She had long got over being flustered by the abrupt, disembodied command. She spoke rapidly but distinctly into the black mouthpiece. ‘Case to A B C. I repeat. Case to A B C.’ She paused. ‘Carrier is satisfactory. Says real name is James Bond and will use that name on passport. Plays golf and will carry golf clubs. Suggest golf balls. Uses Dunlop 65’s. All other arrangements stand. Will call for confirmation at 1915 and 2015. That’s all.’

She listened for a moment to the hiss of the recorder; then she put down the receiver and walked back to her hotel. She called Room Service for a large dry Martini and when it came she sat and smoked and played the gramophone and waited for 7.15.

Then, or perhaps not until she called back again at 8.15, the neutral, muffled voice would come back at her over the telephone wire: ‘A B C to Case. I repeat. A B C to Case ...’ And then would follow her instructions.

And somewhere, in some rented room in London, the hiss of the recorder would stop as she put back the receiver. And then, perhaps, an unknown door would close and footsteps would softly sound on some stairs and out into an unknown street and away.

 

 

6 | IN TRANSIT

It was six o’clock on Thursday evening and Bond was packing his suitcase in his bedroom at the Ritz. It was a battered but once expensive pigskin Revelation and its contents were appropriate to his cover. Evening clothes; his lightweight black and white dog-tooth suit for the country and for golf; Saxone golf shoes; a companion to the dark blue, tropical worsted suit he was wearing, and some white silk and dark blue Sea Island cotton shirts with collars attached and short sleeves. Socks and ties, some nylon underclothes, and two pairs of the long silk pyjama coats he wore in place of two-piece pyjamas.

None of these things bore, or had ever borne, any name-tags or initials.

Bond completed his task and proceeded to fit his remaining possessions, his shaving and washing gear, Tommy Armour on
How to Play your Best Golf all the Time
, and his tickets and passport into a small attaché case, also of battered pig-skin. This had been prepared for him by Q Branch and there was a narrow compartment under the leather at the back which contained a silencer for his gun and thirty rounds of .25 ammunition.

The telephone rang.

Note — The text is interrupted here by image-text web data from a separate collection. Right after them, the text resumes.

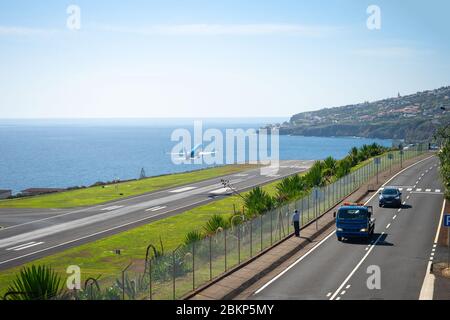 Mann beobachtet Flugzeug, das von der Start- und Landebahn des internationalen Flughafens Funchal abfährt, landschaftlich schönen Blick aufs Meer und die Stadt im Hintergrund, Autos auf der Autobahn, Madeira, Stockfoto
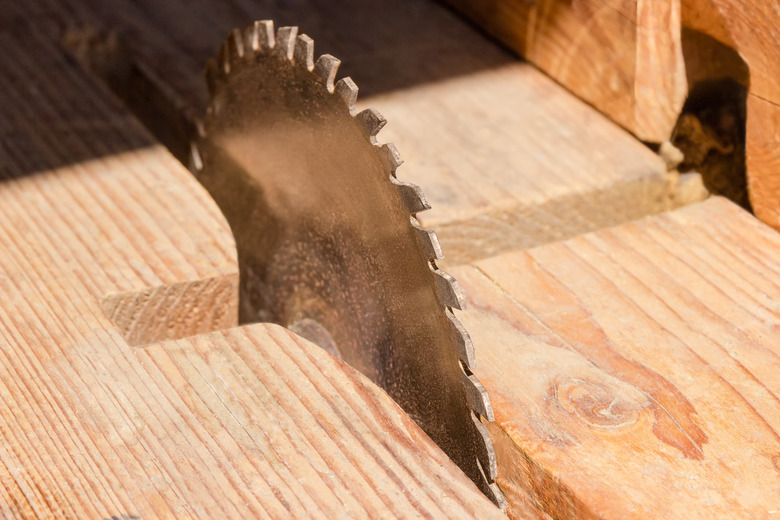 Circular saw blade for cutting wood closeup at selective focus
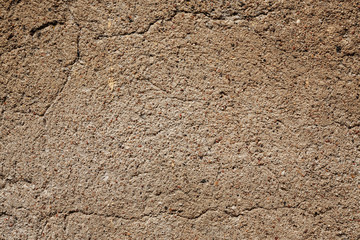Weathered old concrete with cracks abstract texture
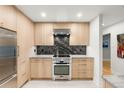 Modern kitchen features light wood cabinets and a stainless steel oven at 840 S Gaylord St, Denver, CO 80209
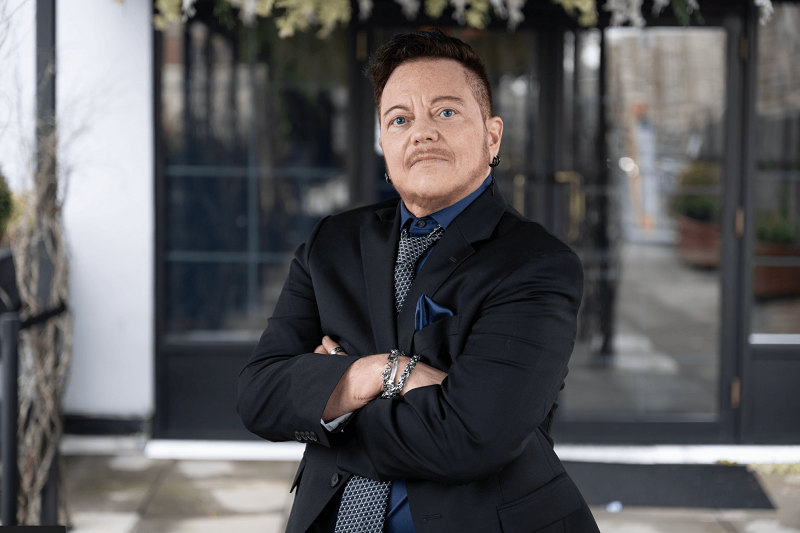 Micky Petrillo, 60, looks at the camera with his arms folded in front of him.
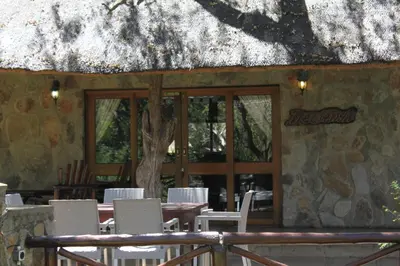 a restaurant with white chairs and a table and windows at Moholoholo Ya Mati in Kampersrus AH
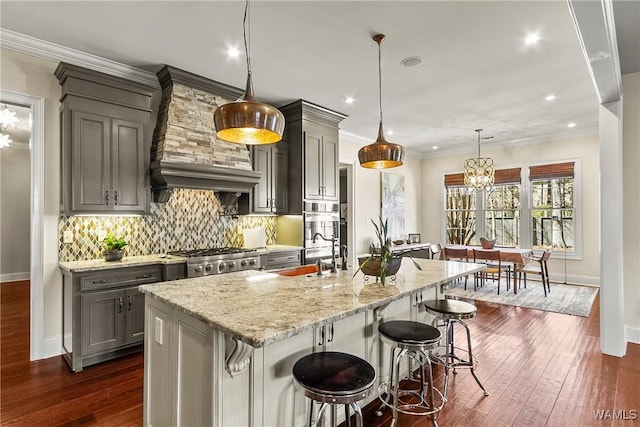 1006 Shady Tree Ln, Tuscaloosa, AL 35406 - kitchen featuring a notable chandelier, a sink, light stone countertops, range, and decorative backsplash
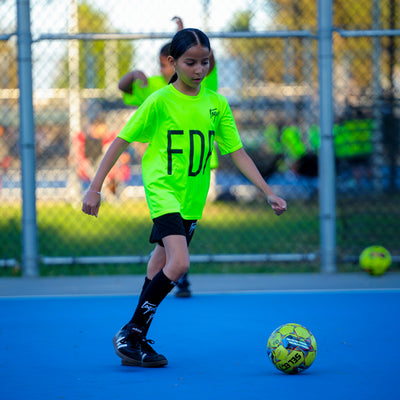 Child in a bright green Toque jersey playing soccer on a blue field with a fence in the background.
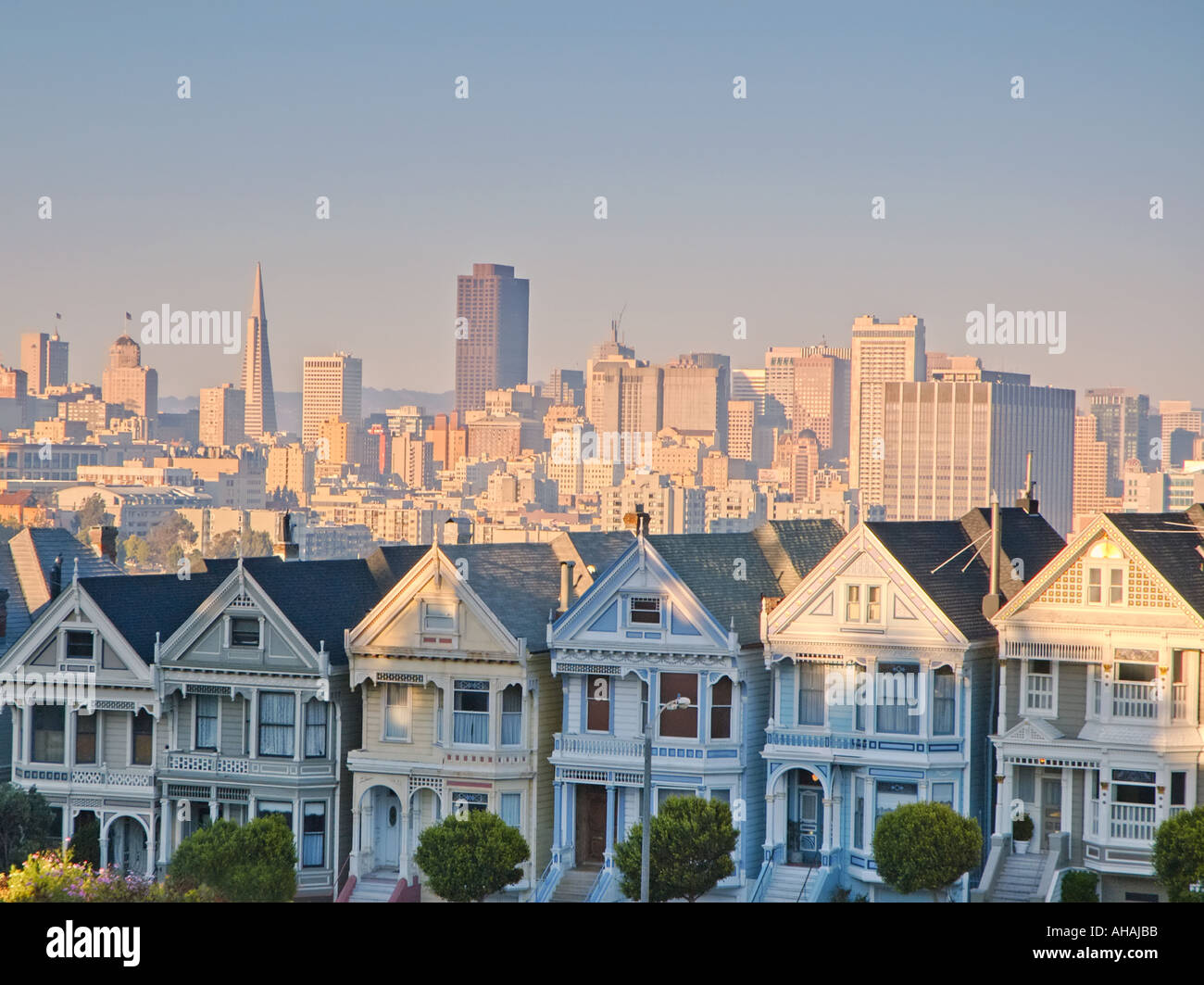 Alamo Square the famous San Francisco landmark with a view of the city in the background Stock Photo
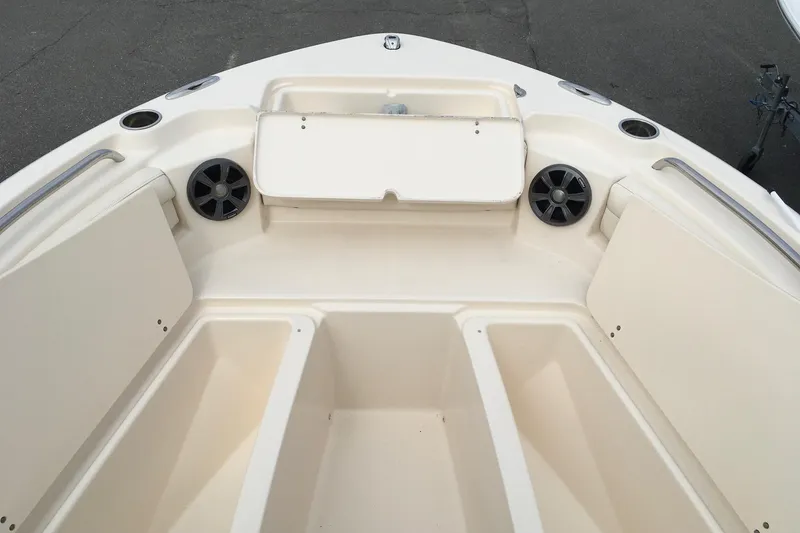 Slide: The Image of 2021 Grady-White Freedom 215 boat interior with seating and storage compartments. - 5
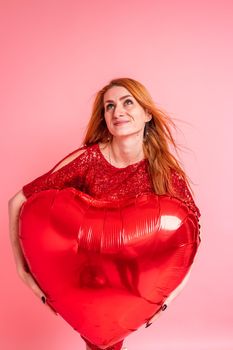 Beautiful redhead girl with red heart baloon posing. Happy Valentine's Day concept. Studio photo of beautiful ginger girl dancing on pink background.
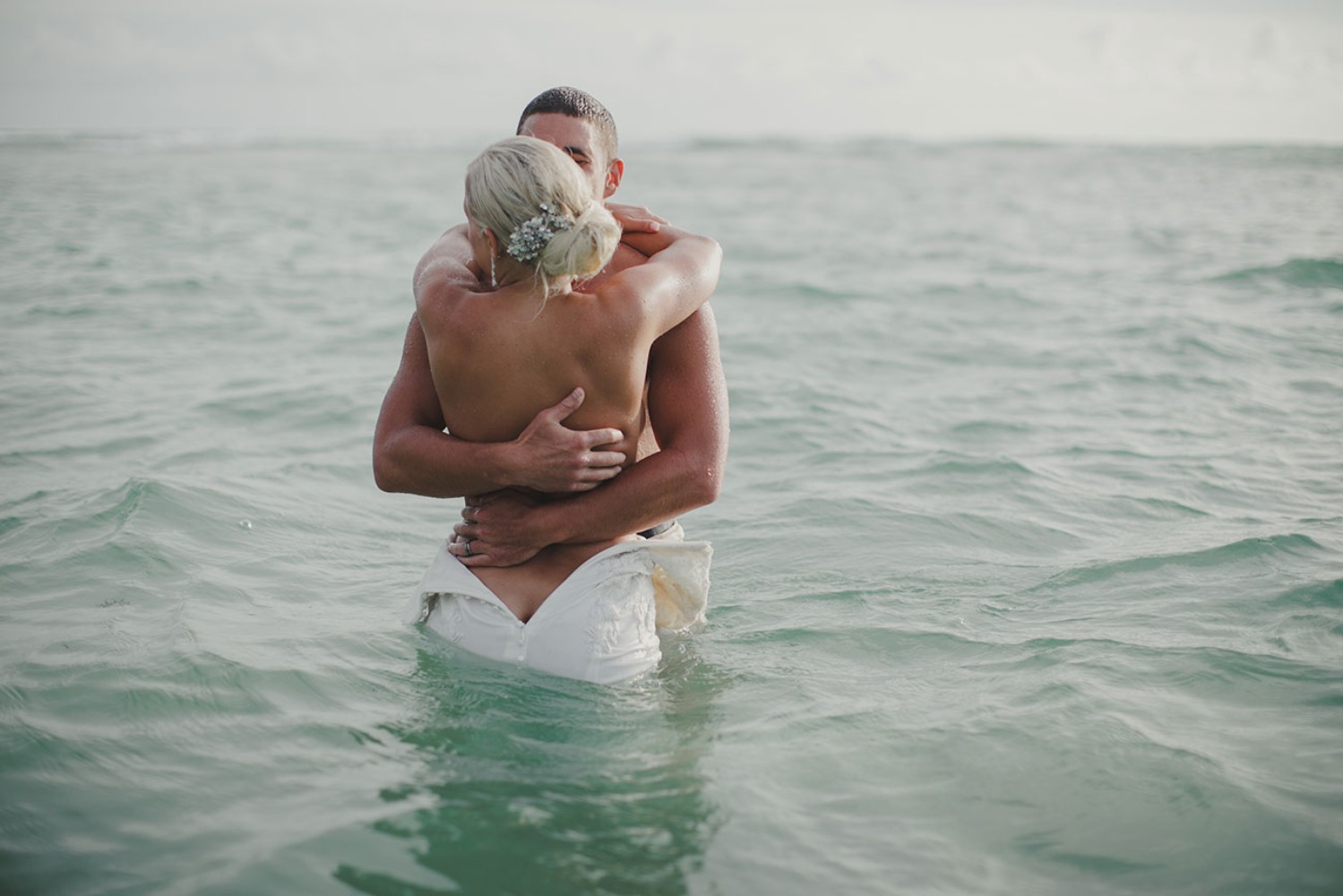 Romantic couple embracing in the sea during their wedding day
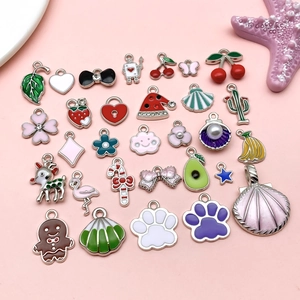 Flat lay of colorful enamel fruit and animal charms with silver finish for DIY jewelry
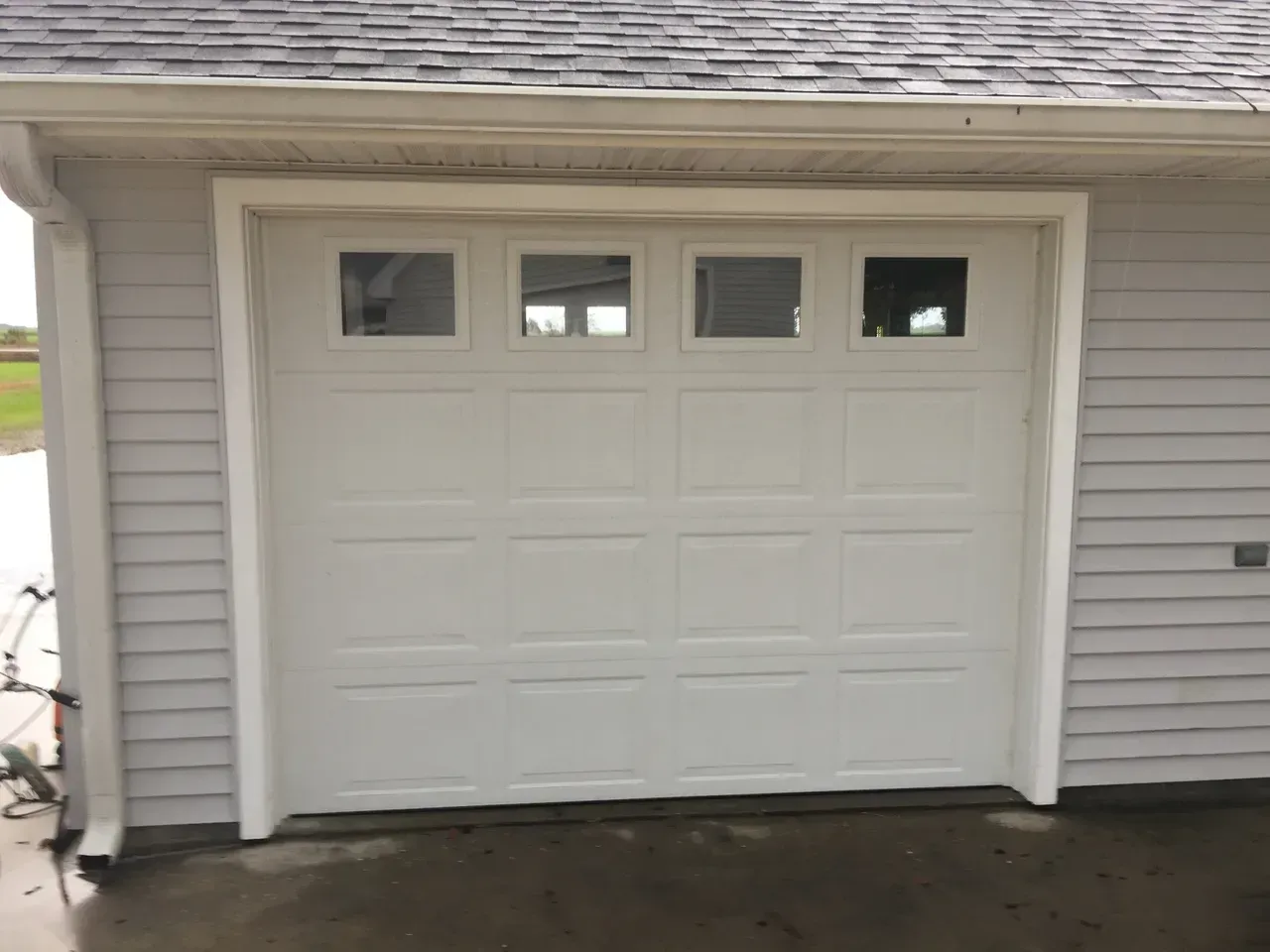 White garage door with four top windows in a light gray house.
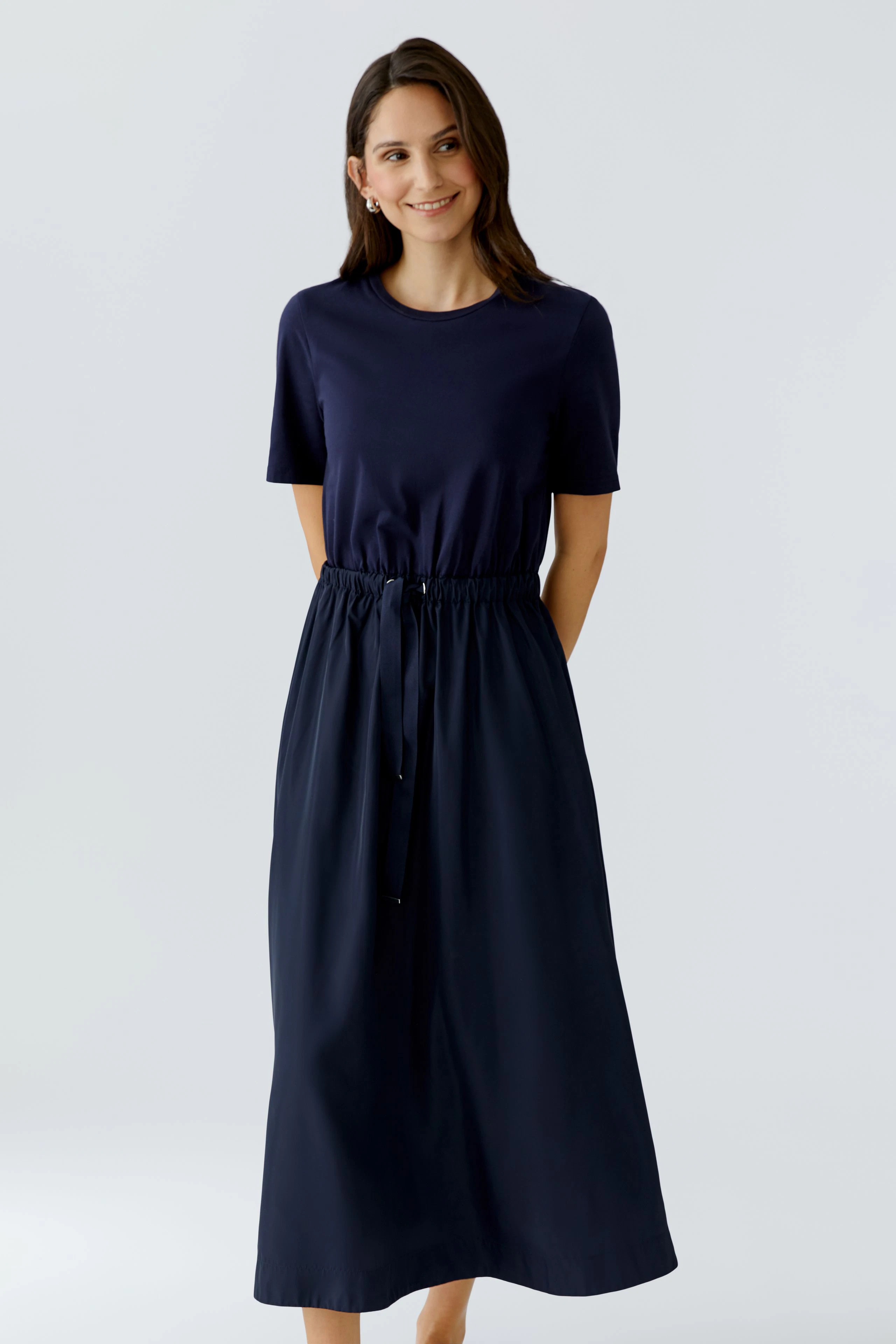 Casual maxi dress: Woman in a navy dress with a drawstring waist and short sleeves, smiling confidently.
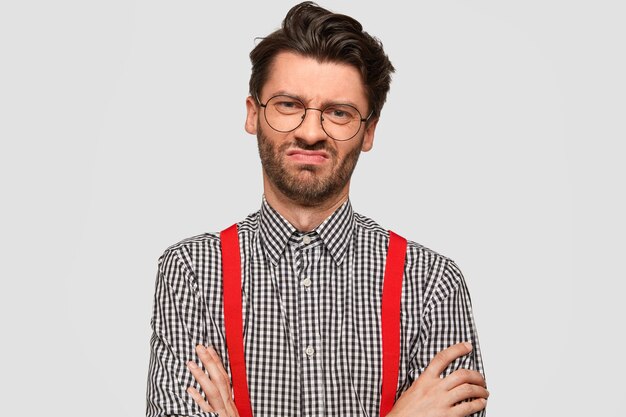 Man wearing checkered shirt and red suspenders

He assumed it was the car, early at the rendezvous, but it was the hall-porter saying that there was a representative of ‘Universal Export’ with a letter to be delivered personally to Bond.

‘Send him up,’ said Bond, wondering.

A few minutes later he opened the door to a man in plain-clothes whom he recognized as one of the messengers from the pool at Headquarters.

‘Good evening, Sir,’ said the man. He took a large plain envelope out of his breast pocket and handed it to Bond. ‘I am to wait and take this back when you have read it, Sir.’

Bond opened the white envelope and broke the seal of the blue envelope which it contained.

There was a page of blue typewritten foolscap paper with no address and no signature. Bond recognized the extra-large type used in M.’s personal communications.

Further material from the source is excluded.